* [Description of the task]: Write out exactly, and only, the lines below from the line with "de GM Silao?" through the line with "1937-D 3 Leg"; pictures do not belong in the copy.

***** Entries shown

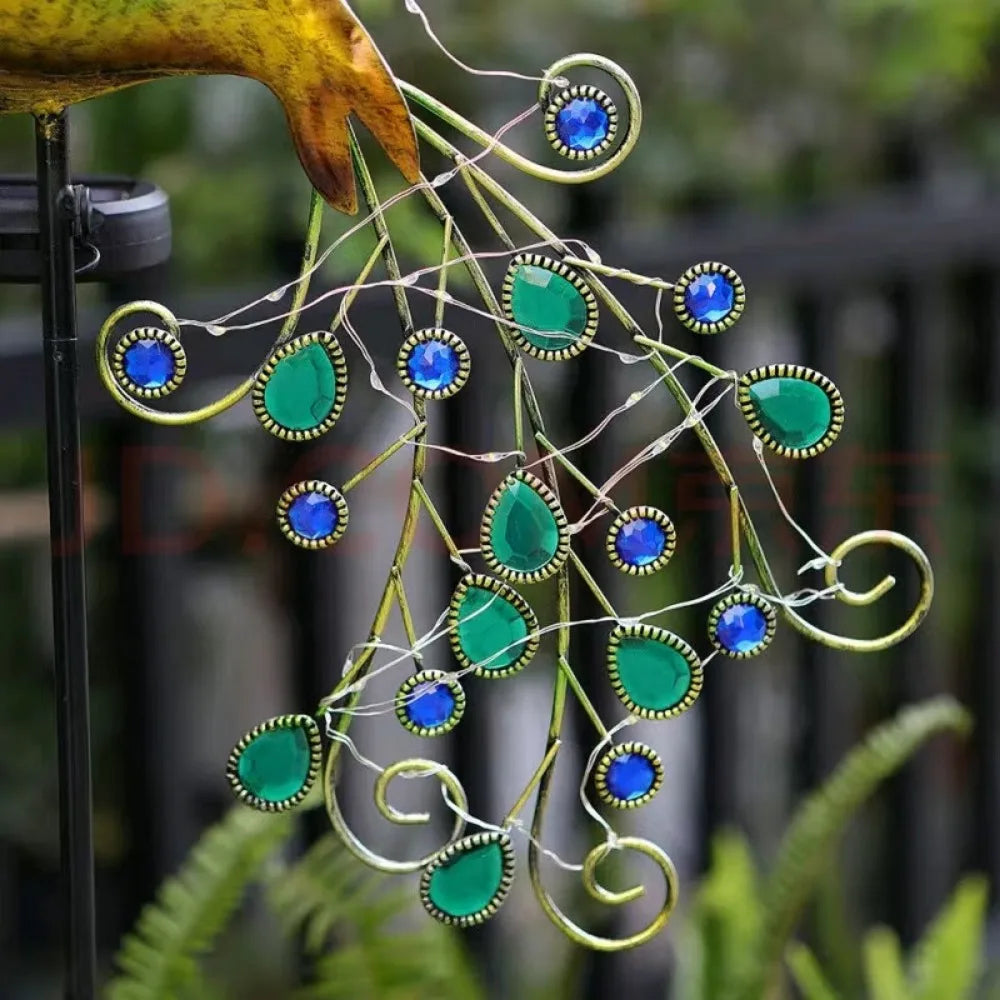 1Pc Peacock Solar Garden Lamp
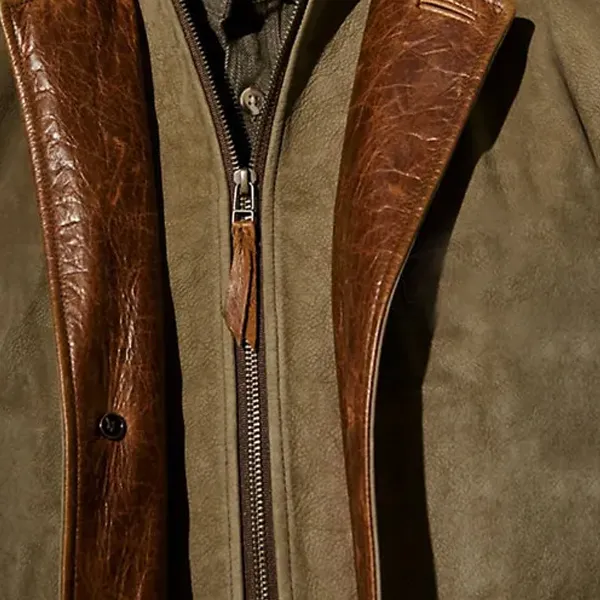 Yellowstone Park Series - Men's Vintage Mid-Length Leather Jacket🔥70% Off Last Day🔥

**********
***** Entries shown

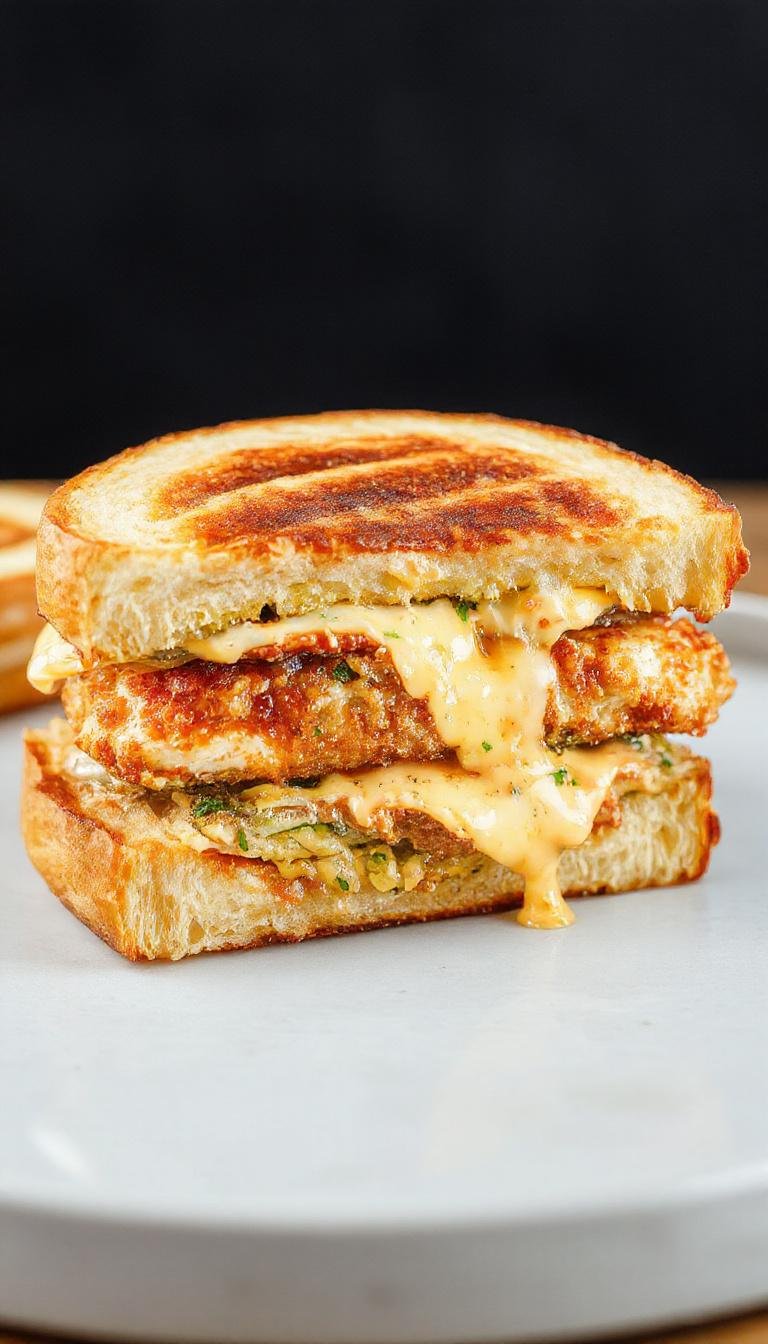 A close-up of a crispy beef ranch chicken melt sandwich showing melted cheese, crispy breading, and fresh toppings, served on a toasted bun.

**********
***** Entries shown

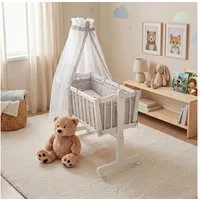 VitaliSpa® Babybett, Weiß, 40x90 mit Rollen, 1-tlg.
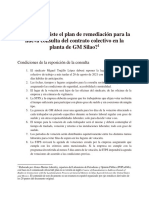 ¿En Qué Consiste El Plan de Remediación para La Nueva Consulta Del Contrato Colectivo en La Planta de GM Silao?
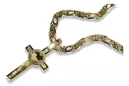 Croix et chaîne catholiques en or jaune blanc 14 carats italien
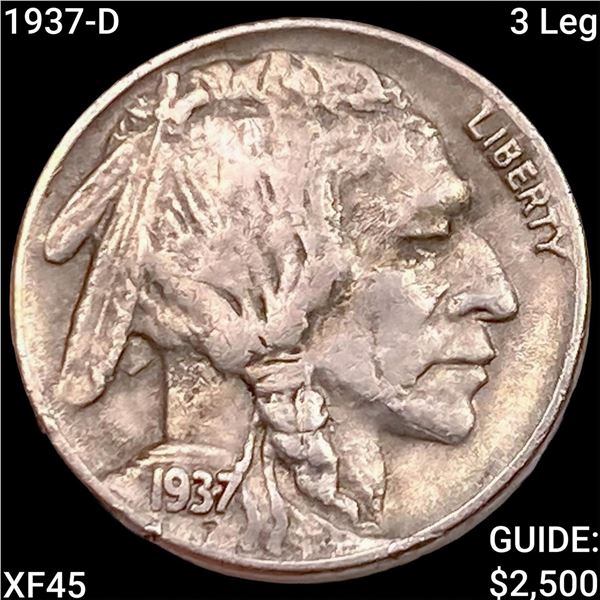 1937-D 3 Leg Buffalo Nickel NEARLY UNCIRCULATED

**********

* [The completed task]:
 ¿En Qué Consiste El Plan de Remediación para La Nueva Consulta Del Contrato Colectivo en La Planta de GM Silao?
 Croix et chaîne catholiques en or jaune blanc 14 carats italien
 1937-D 3 Leg Buffalo Nickel NEARLY UNCIRCULATED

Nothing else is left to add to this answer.